Um drama desse calibre, ressaltou, exigia mais que o coração dilacerado e a mão solidária do presidente da República. As famílias fulminadas pela perda mereciam também reparações materiais e o permanente amparo da União. Lula contou que, no dia 21, havia remetido à Câmara dos Deputados um projeto de lei que definia os benefícios que contemplariam os parentes dos 18 militares. Tudo somado, a conta ficaria pouco acima de R$ 10 milhões. Para quem naquele mesmo dia 21 perdoara R$ 316 milhões devidos por Moçambique, o auxílio aos mortos do Haiti era dinheiro de troco.
“Você sabe que além da solidariedade, nós estamos mandando ao Congresso Nacional um projeto de lei garantindo a cada família R$ 500 mil de indenização e uma bolsa-educação de R$ 510 para cada dependente até 24 anos”, continuou Lula. A indenização seria entregue às viúvas ou, no caso dos solteiros, à mãe. “É o mínimo que a gente pode fazer para ajudar a família dessas pessoas que estavam e estão desesperadas, e pessoas que estavam lá defendendo e honrando a bandeira nacional”.
O ministro da Defesa, Nelson Jobim, entrou em ação para ordenar que tudo se fizesse em ritmo de Fórmula 1. “O dinheiro nunca vai compensar a ausência do pai ou do companheiro, mas supre em parte o papel do provedor, especialmente no apoio à educação dos filhos”, recitou também com cara de luto. Em 3 de fevereiro, o projeto foi aprovado pela Câmara e encaminhado ao Senado. O ano escolar estava prestes a começar, era preciso liberar com urgência a bolsa de estudos. Mas ninguém viu a cor do dinheiro.
SENTIMENTO DA VERGONHA
Jobim só retomou o assunto em 16 de agosto para esclarecer num comunicado que o pagamento só poderia ser autorizado depois que o Congresso aprovasse “um pedido de abertura de Crédito Especial de R$ 10.119.340,00 ao Ministério da Defesa”. Não explicou por que não pensara nisso em janeiro.
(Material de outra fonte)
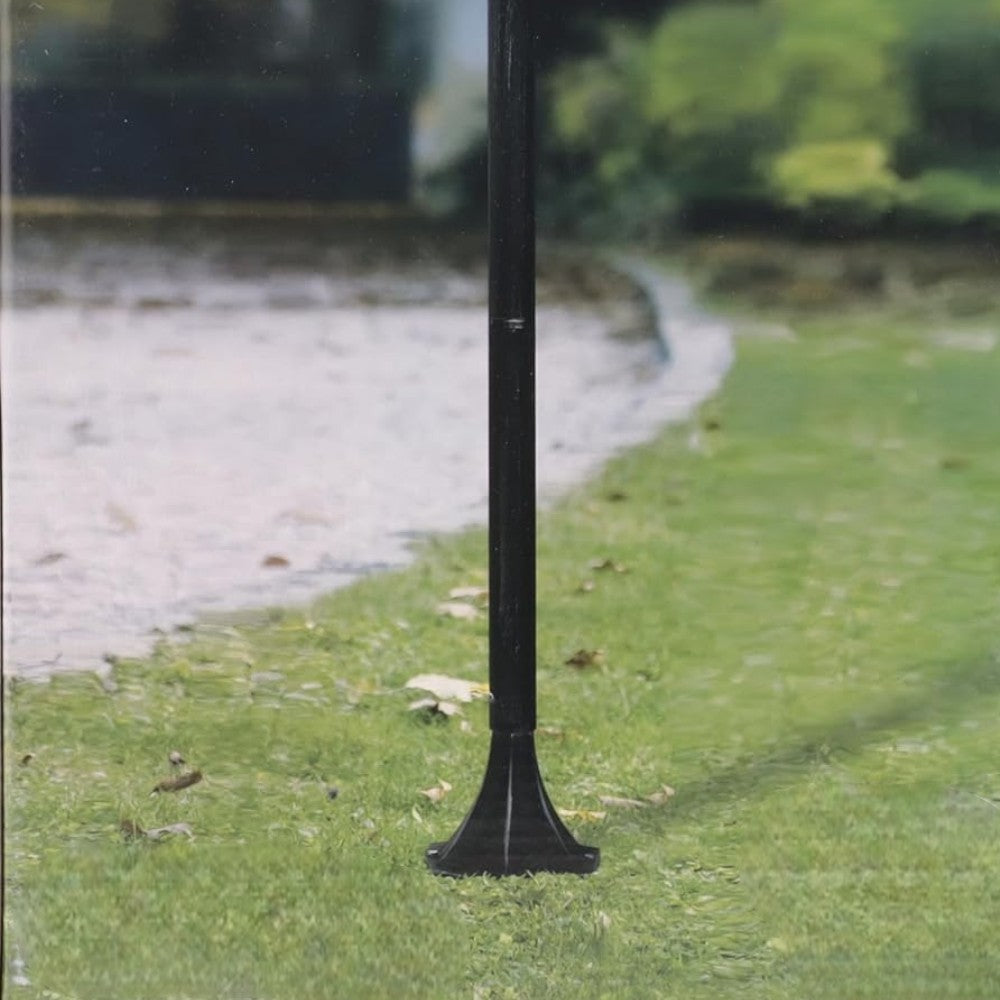 lampadaire 'ermes' 120 noir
O começo da campanha eleitoral adiou para depois de novembro miudezas encalhadas na pauta do Legislativo. Só em 24 de novembro o pedido para a abertura do crédito entrou na lista de votação do Senado. Faltou quórum. Ninguém sabe dizer quando será votado.
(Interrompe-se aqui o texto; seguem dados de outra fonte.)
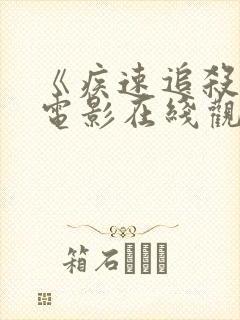 《疾速追杀2》电影在线观看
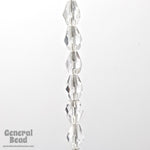 5mm x 7mm Transparent Crystal Faceted Teardrop-General Bead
“Foi noticiado até na imprensa internacional, mas até hoje não recebemos nada”, lamenta Cely Zanin, 43 anos, mãe de dois filhos — um de 17, outro de 18. Viúva do coronel João Elizeu Souza Zanin, morto no desabamento do quartel-general da ONU, Cely imaginava que ao menos a ajuda de custo para os dois estudantes chegasse a tempo. “O ano está acabando”, sussurra a professora e bancária que faz o possível para continuar acreditando nas promessas. Nenhuma das famílias recebeu nada. Nenhuma conseguiu ser recebida pelo presidente da República.
A explicação para o calote afrontoso talvez esteja, paradoxalmente, no número de parentes das vítimas. São tão poucos que, caso morassem numa mesma cidade de pequeno porte, seus votos, somados, seriam insuficientes para eleger um candidato a vereador.
Lula também sabe que não ouvirá cobranças da oposição, muito menos dos brasileiros comuns. No País do Carnaval, um herói deixa de sê-lo quando a imprensa muda de assunto.
Os soldados da vez estão no Morro do Alemão. É lá que deve estar a cabeça de um caçador de assuntos politicamente rentáveis.
Para um governo desprovido do sentimento da vergonha, a hora dos 18 bravos lutadores tombados no Haiti já passou. Os parentes podem esperar. É o Brasil.